- Work task:
No pictures, please: print exactly the lines from the one that contains "Pride Stickers Die Cut Sticker" through the last line of the listing.
==== Exercise data
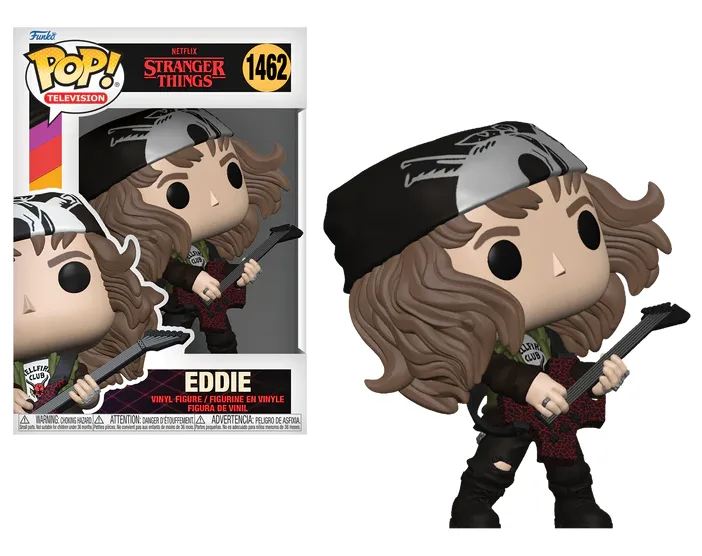 STRANGER THINGS S4 - POP TV N° 1462 - Hunter Eddie with Guitar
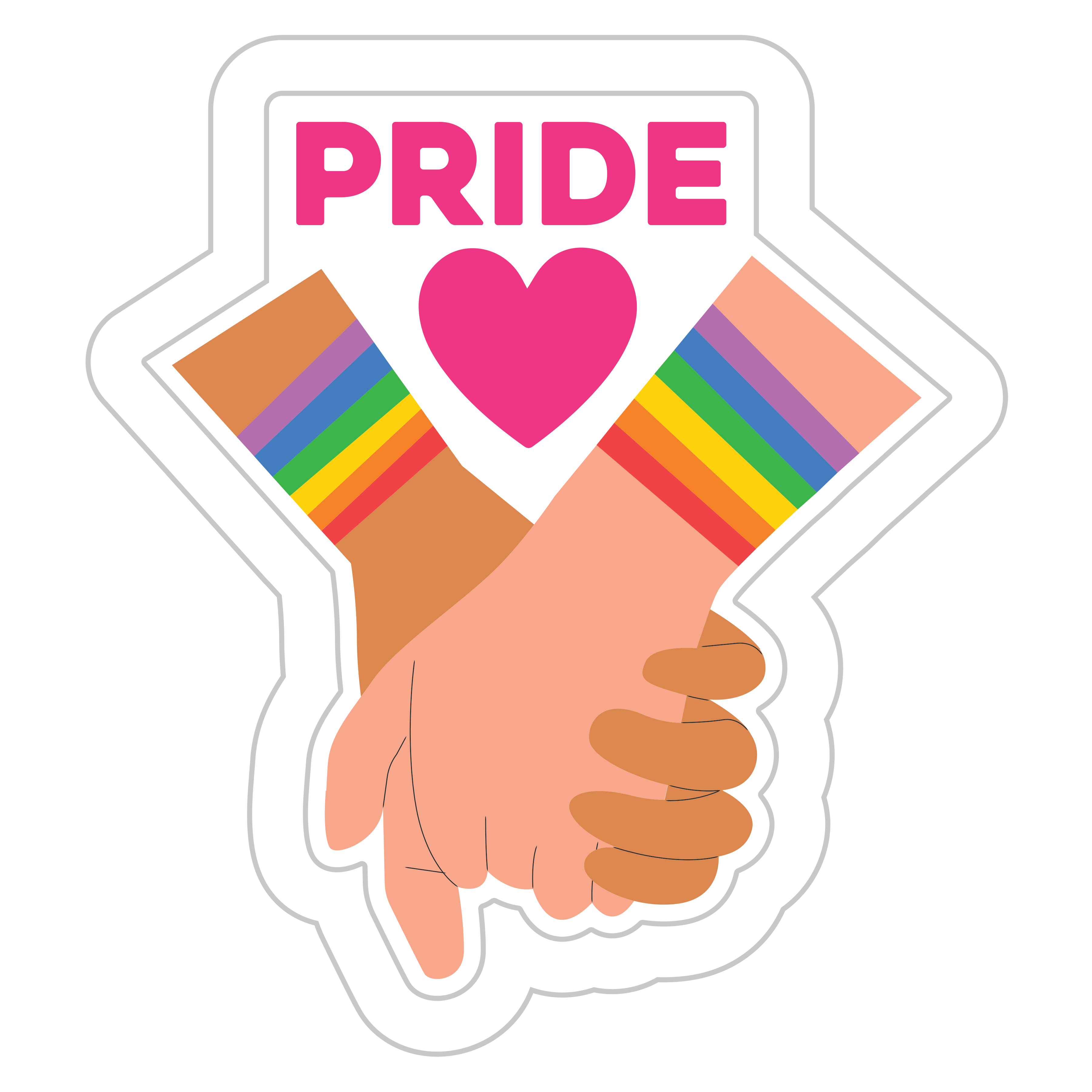 Pride Stickers Die Cut Sticker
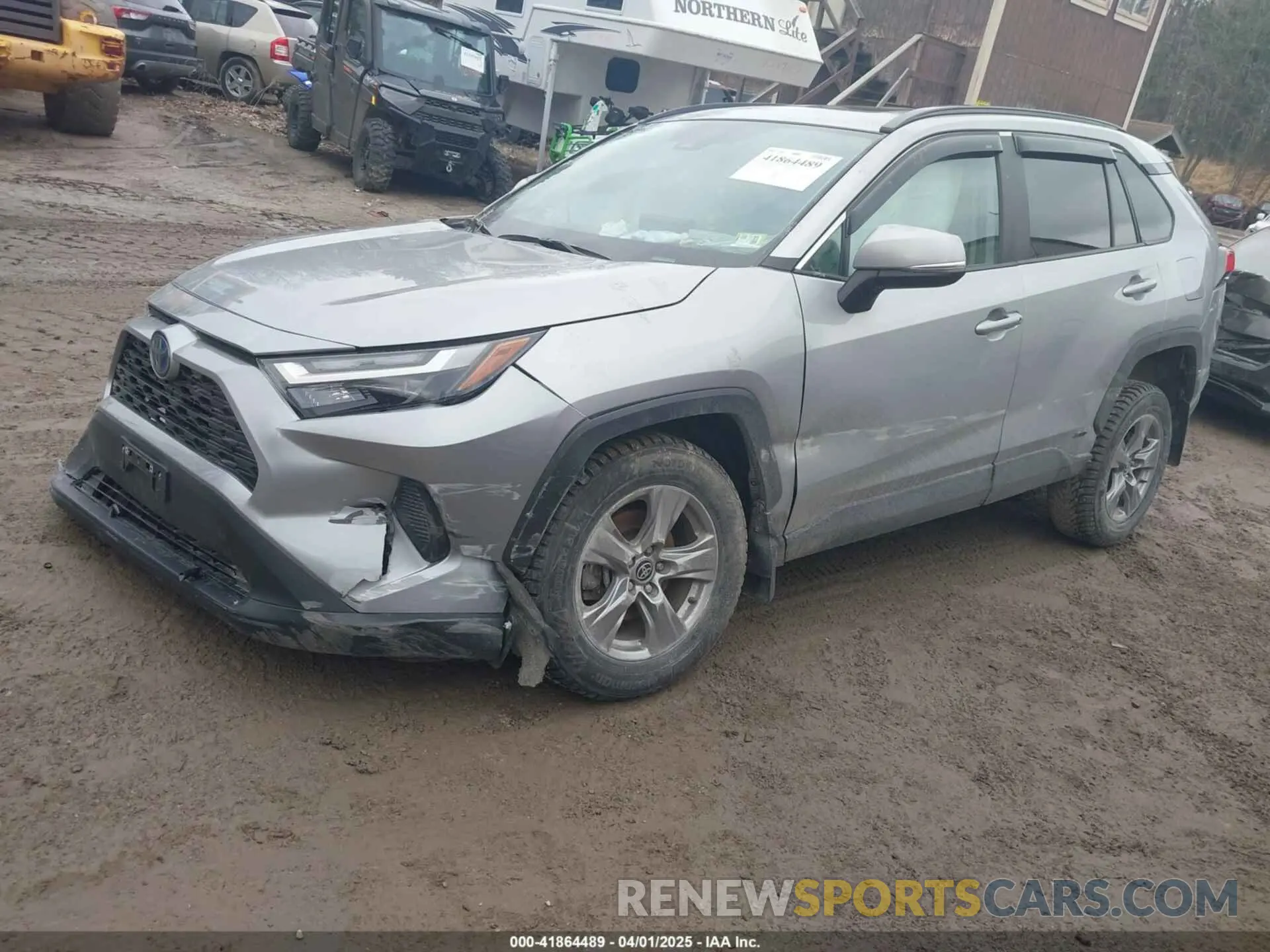 2 Photograph of a damaged car 2T3RWRFVXRW237875 TOYOTA RAV4 HYBRID 2024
========
- Result for this task:
 Pride Stickers Die Cut Sticker
 2 Photograph of a damaged car 2T3RWRFVXRW237875 TOYOTA RAV4 HYBRID 2024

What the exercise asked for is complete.